[Task instructions] Among the records below, find the line with "26570 Crystal Road" and the line with "Um edifício com". Set down both and every line between, exactly and with no pictures, but nothing else.

Web page caption snippets
------------------------------------------------------------
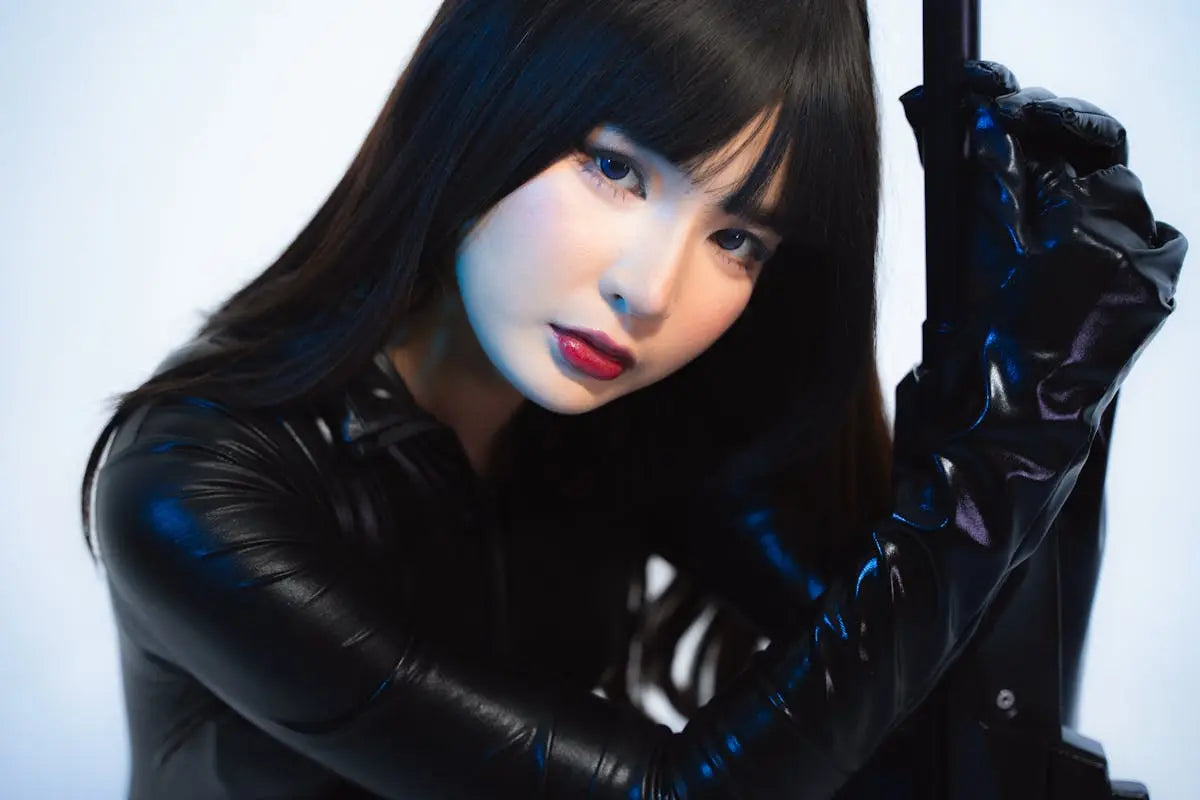 A sleek, modern smartwatch with a black strap and digital display showing time and fitness metrics, placed on a minimalist white surface.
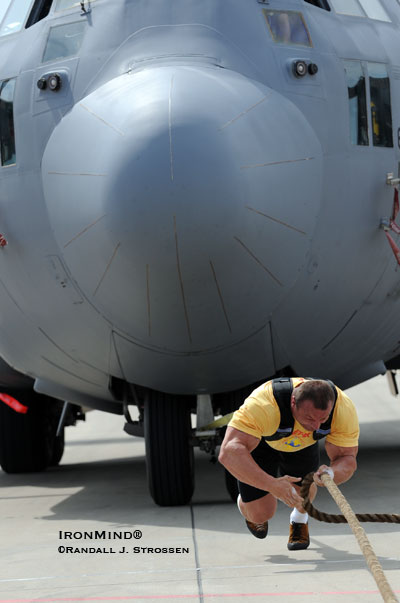 Mariusz Pudzianowski was just plain faster than the rest of the field when it came to pulling this C-130 Hercules. IronMind® | Randall J. Strossen, Ph.D. photo. Mariusz Pudzianowski was just plain faster than the rest of the field when it came to pulling this C-130 Hercules. IronMind® | Randall J. Strossen, Ph.D. photo.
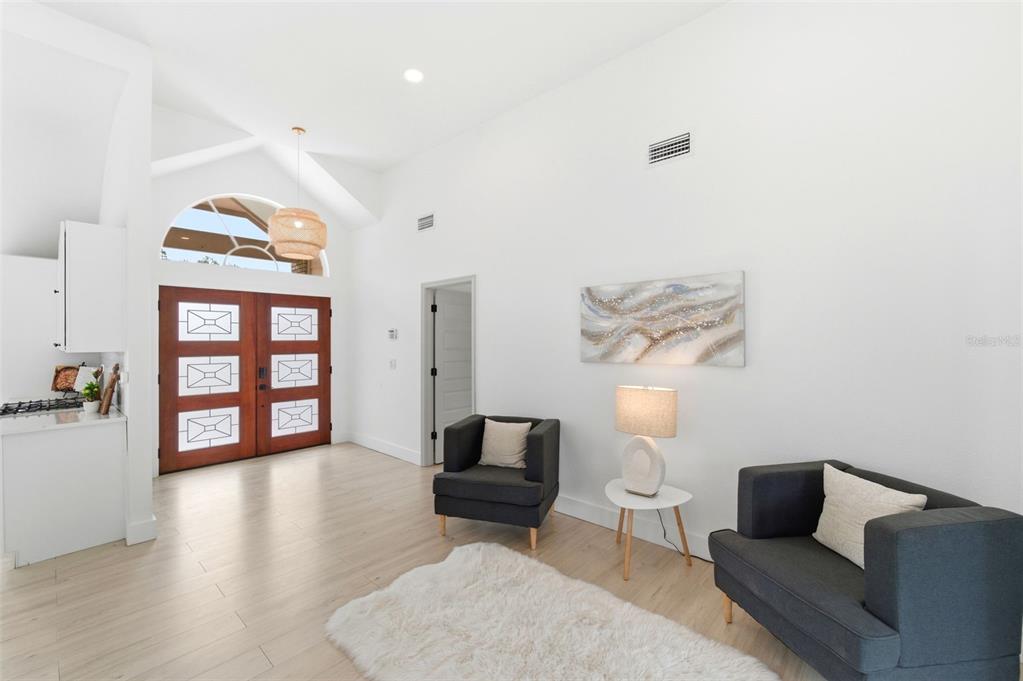 A bright living area features light wood floors, white walls, and a double front door — 4401 LITTLE JOHN TRAIL, SARASOTA, FL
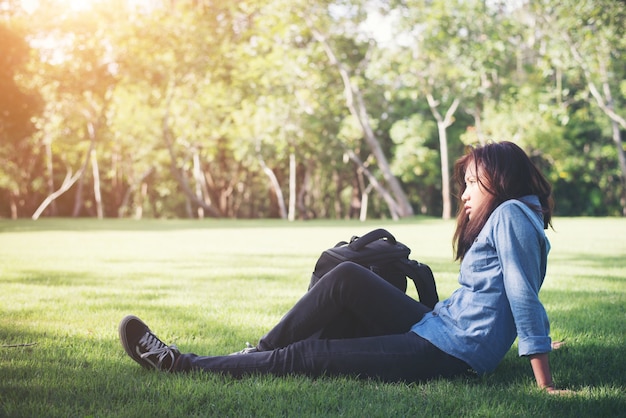 Młody hipster kobiety leżącej na zielonej trawie z plecaka.
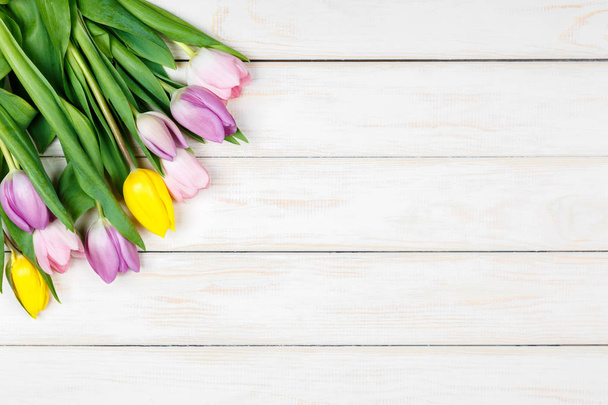 Bunch of colored tulips on a white wooden background - Foto, imagen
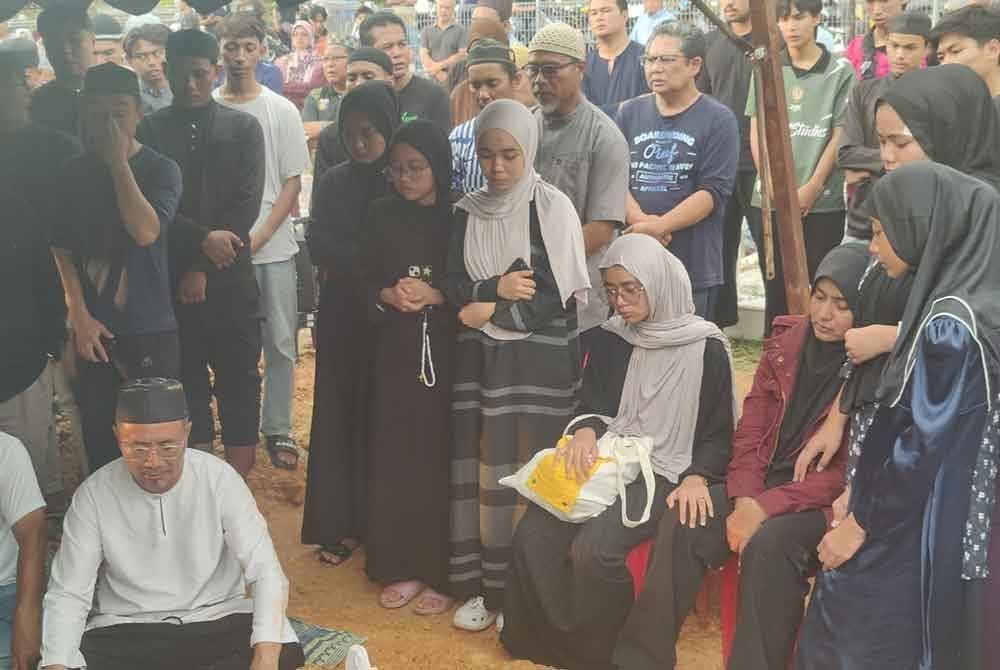 Ku Azmi (kiri) dan Hafizah (duduk, kanan) ketika membaca talkin semasa pengebumian Allahyarham Ku Adib di Tanah Perkuburan Islam Rauthatul 'Aliyah, Saujana Utama di sini pada Khamis.
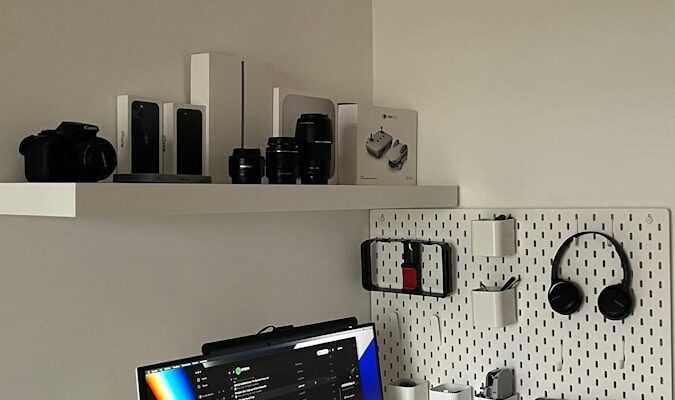 a white desk with a computer on top of it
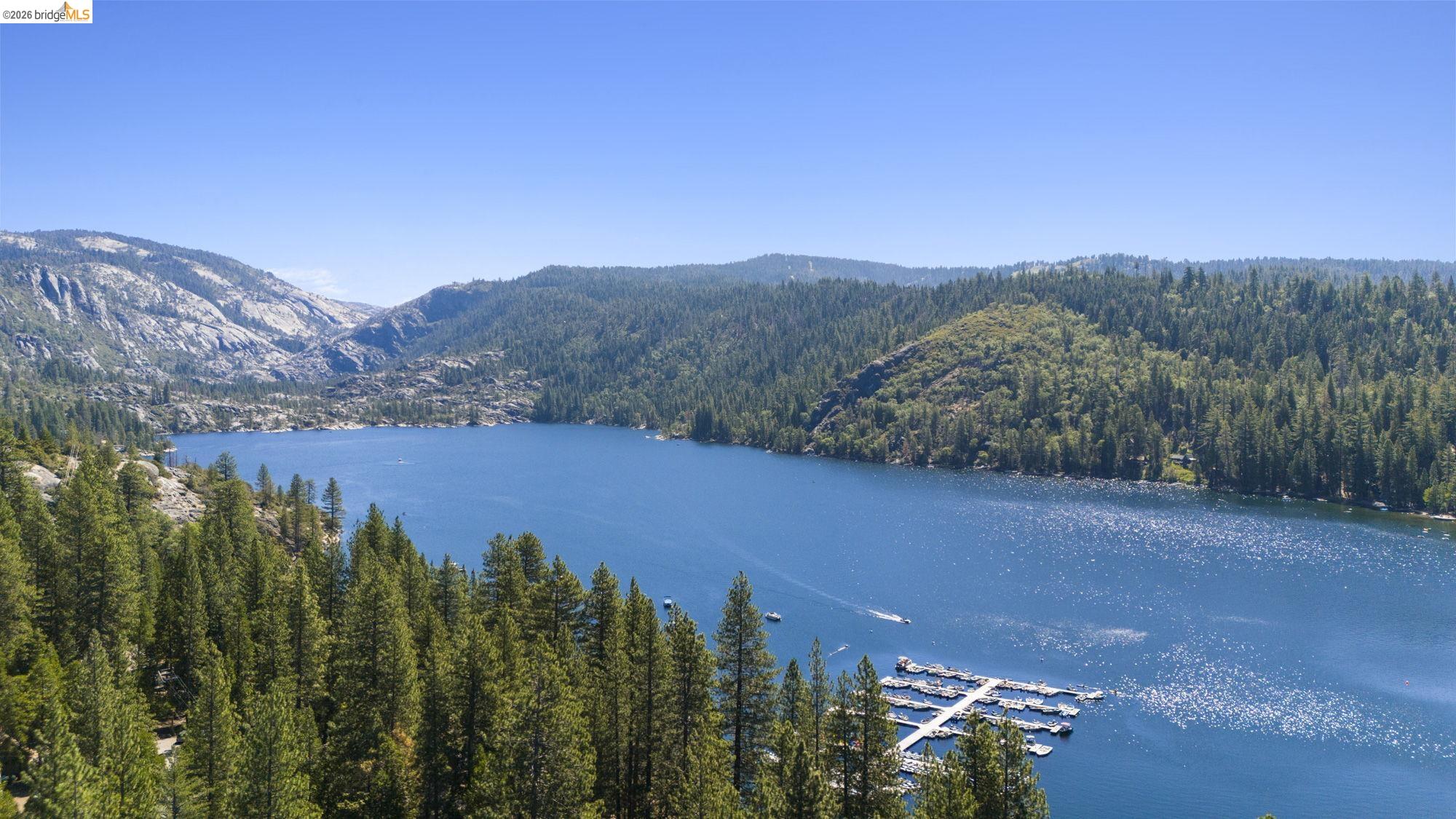 26570 Crystal Road Long Barn, CA 95335 - Photo 33 of 39 Expansive lake surrounded by dense evergreen forests and rugged mountains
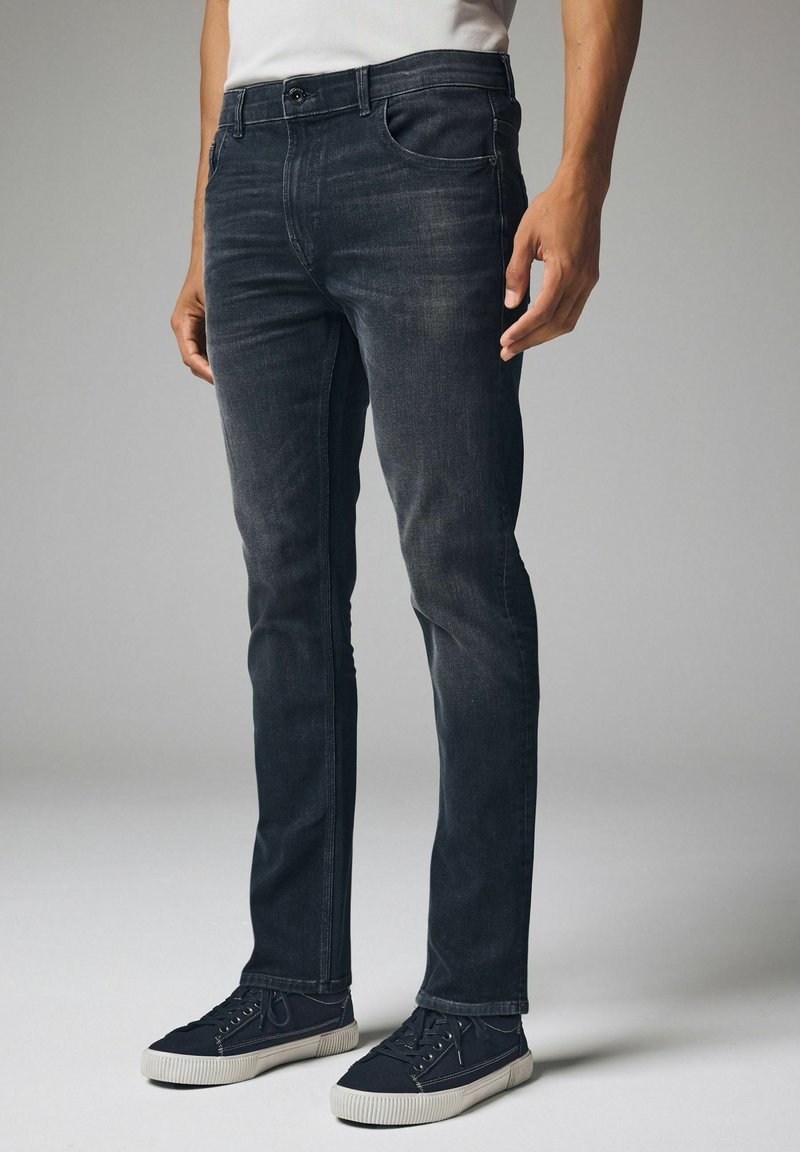 Sötét indigo slim-fit farmernadrág, elhalványult felülettel, öt zsebbel és cipzáras felszereléssel. Fekete vászon tornacipővel párosítva.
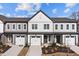 Attractive newly built townhomes boast neutral siding, matching garages and professionally landscaped yards at 707 Jamescroft Way, Rolesville, NC 27587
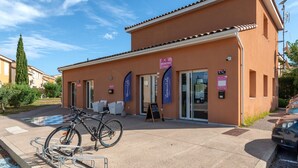 Um edifício com área de recepção, uma bicicleta estacionada na frente e um carro por perto.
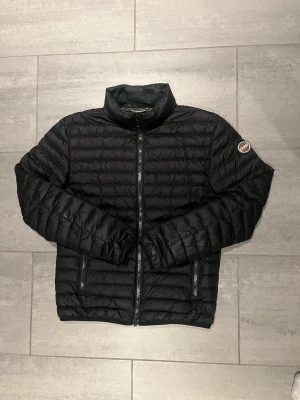 Svart pufferjacka från Colmar - Snygg svart pufferjacka från Colmar med hög krage och dragkedja framtill. Jackan har två sidofickor med dragkedja och Colmar-logga på ena ärmen. Perfekt för kalla dagar och riktigt skön att bära.storlek 46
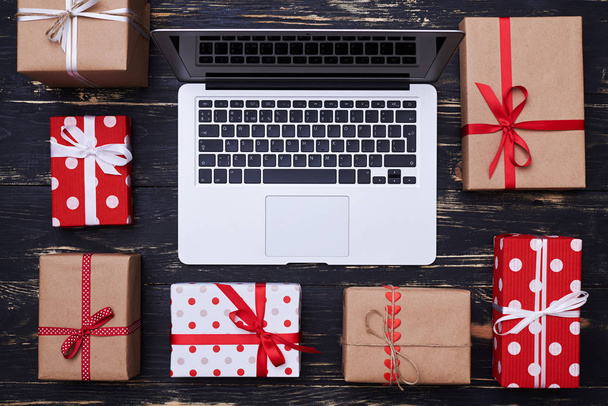 Boxes wrapped with colorful paper with a laptop in the center - Foto, Imagem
------------------------------------------------------------
[Solution below]
 26570 Crystal Road Long Barn, CA 95335 - Photo 33 of 39 Expansive lake surrounded by dense evergreen forests and rugged mountains
 Sötét indigo slim-fit farmernadrág, elhalványult felülettel, öt zsebbel és cipzáras felszereléssel. Fekete vászon tornacipővel párosítva.
 Attractive newly built townhomes boast neutral siding, matching garages and professionally landscaped yards at 707 Jamescroft Way, Rolesville, NC 27587
 Um edifício com área de recepção, uma bicicleta estacionada na frente e um carro por perto.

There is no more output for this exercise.